__YOUR TASK__
Copy out all of the data word for word. Omit every picture.
AVAILABLE DATA: Begin
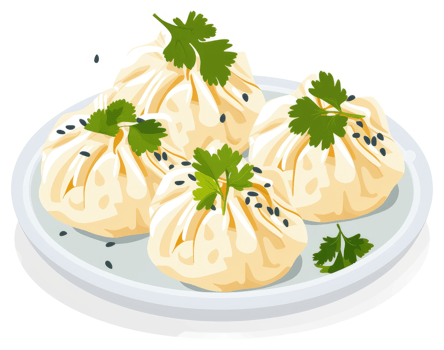 Three delicious steamed buns garnished with fresh cilantro and sesame seeds. png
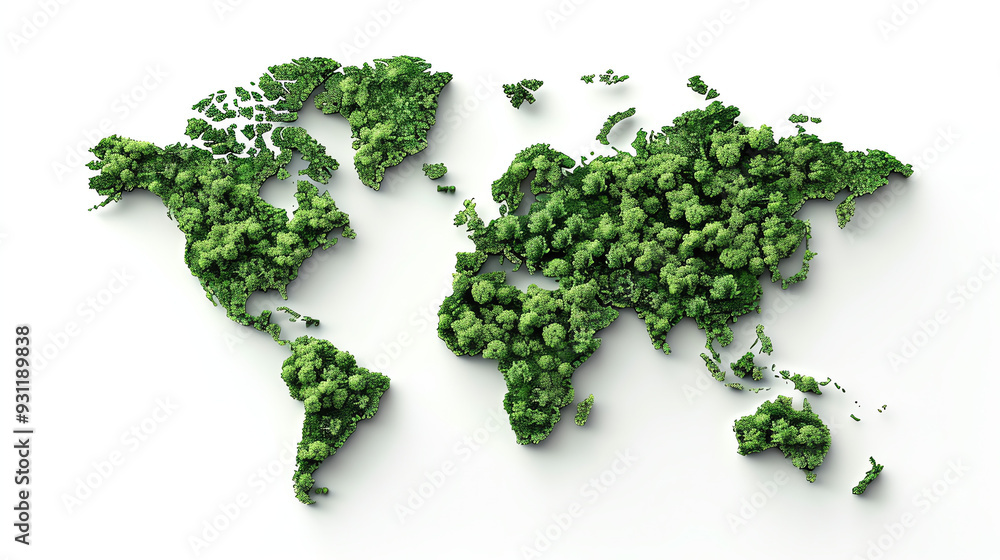 A map of the world made of green trees. A map of the world made of green trees.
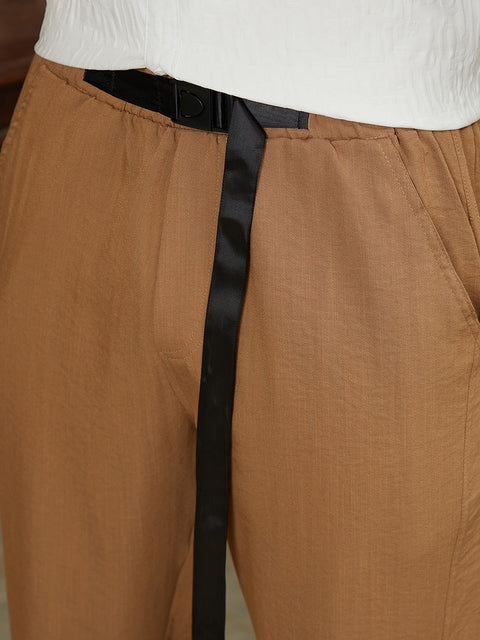 OneKind Solid Belted Cargo Pants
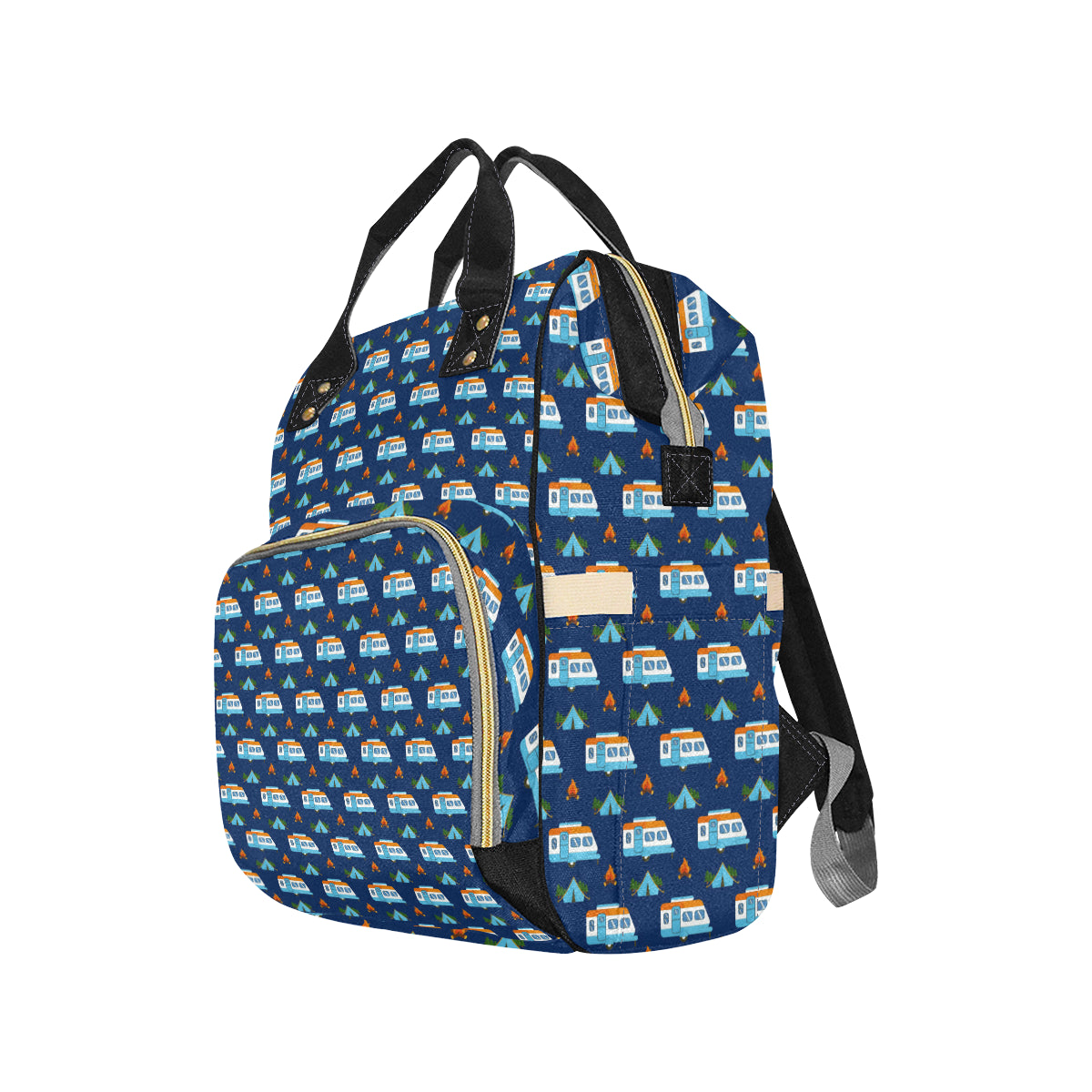 Camper Pattern Camping Themed No 3 Print Diaper Bag Backpack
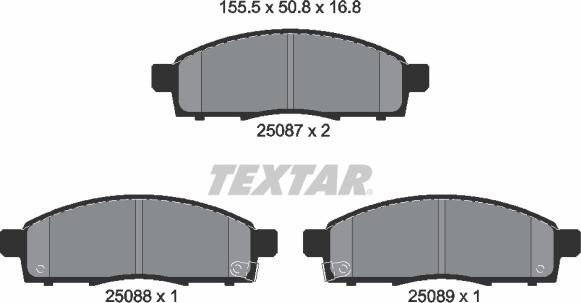 Textar 2508701 - Тормозные колодки, дисковые, комплект autospares.lv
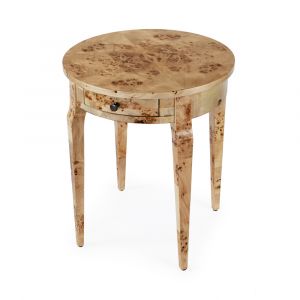 Butler Specialty Company - Heritage - Archer 20 in. W Round Wood 1 Drawer Burl  Side Table, Light Brown - 341443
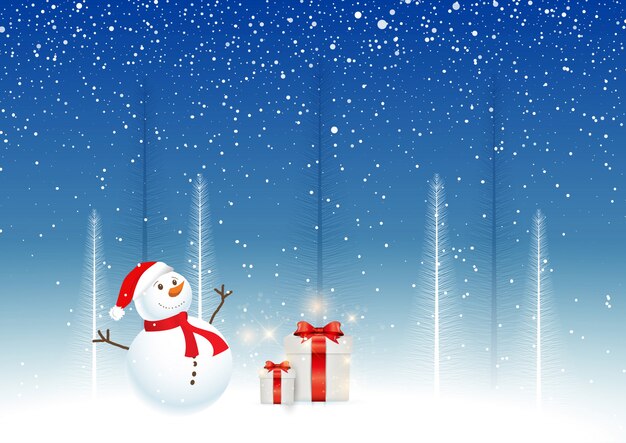 Christmas background with snowman and gifts 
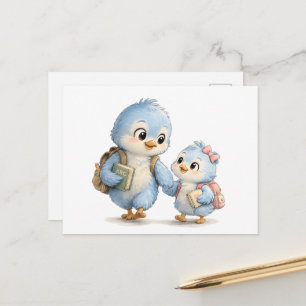 Blaue Vogel-Familien-Freundschafts-Grußkarte Postkarte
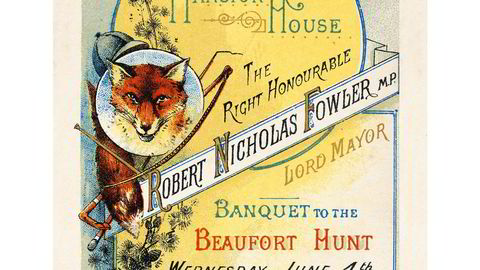 Mansion House. Bankett i forbindelse med revejakt 4. juni 1884, London, Storbritannia.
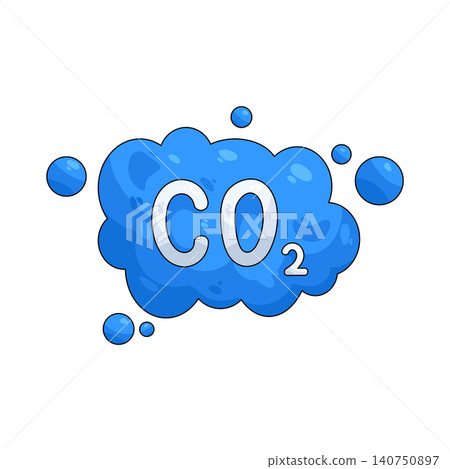 Illustration of carbon dioxide 140750897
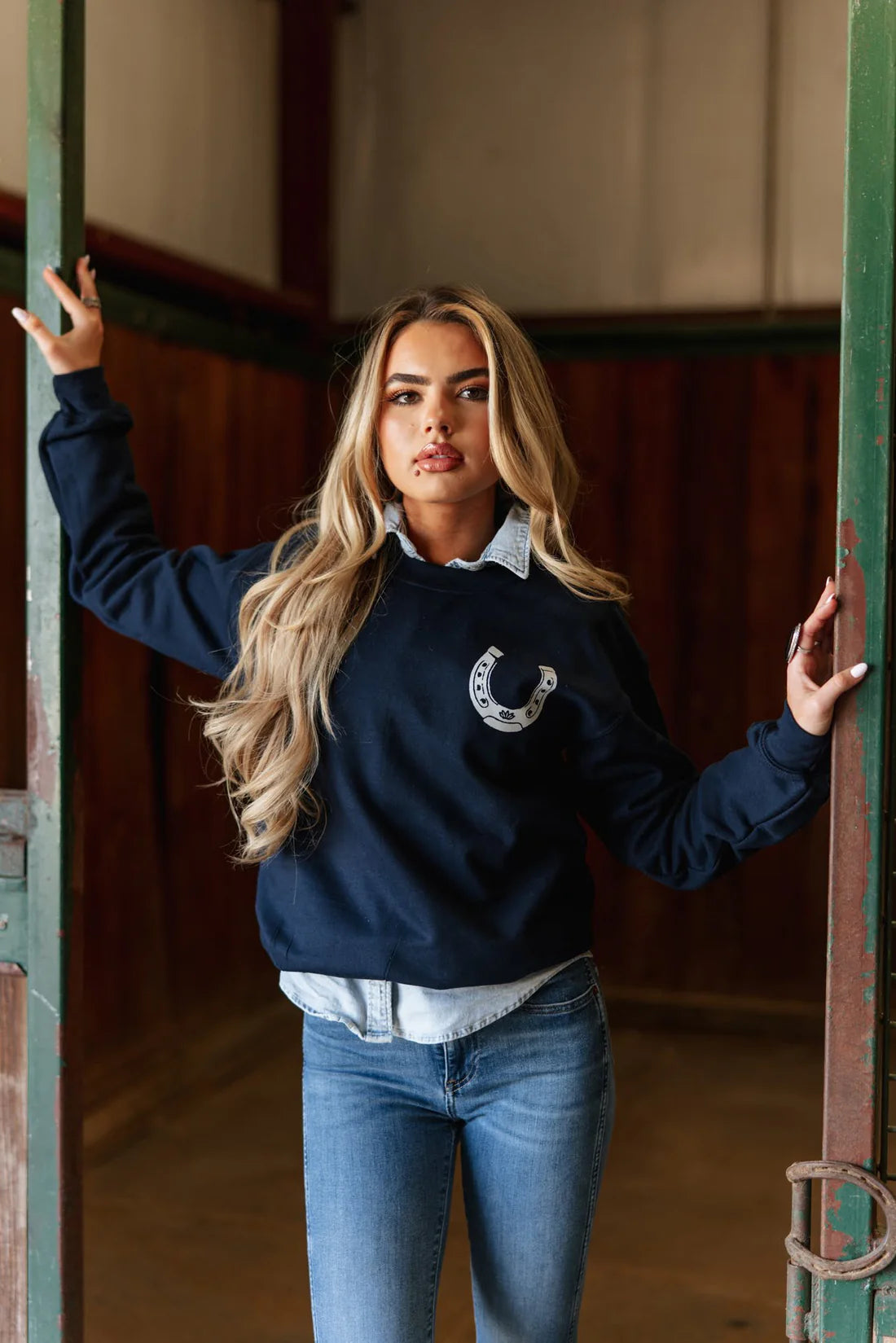 Ali Dee Heritage Horseshoe Pullover Sweatshirt - Navy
AVAILABLE DATA: End
__ANSWER TO THIS EXERCISE__
 Three delicious steamed buns garnished with fresh cilantro and sesame seeds. png
 A map of the world made of green trees. A map of the world made of green trees.
 OneKind Solid Belted Cargo Pants
 Camper Pattern Camping Themed No 3 Print Diaper Bag Backpack
 Textar 2508701 - Тормозные колодки, дисковые, комплект autospares.lv
 Butler Specialty Company - Heritage - Archer 20 in. W Round Wood 1 Drawer Burl  Side Table, Light Brown - 341443
 Christmas background with snowman and gifts 
 Blaue Vogel-Familien-Freundschafts-Grußkarte Postkarte
 Mansion House. Bankett i forbindelse med revejakt 4. juni 1884, London, Storbritannia.
 Illustration of carbon dioxide 140750897
 Ali Dee Heritage Horseshoe Pullover Sweatshirt - Navy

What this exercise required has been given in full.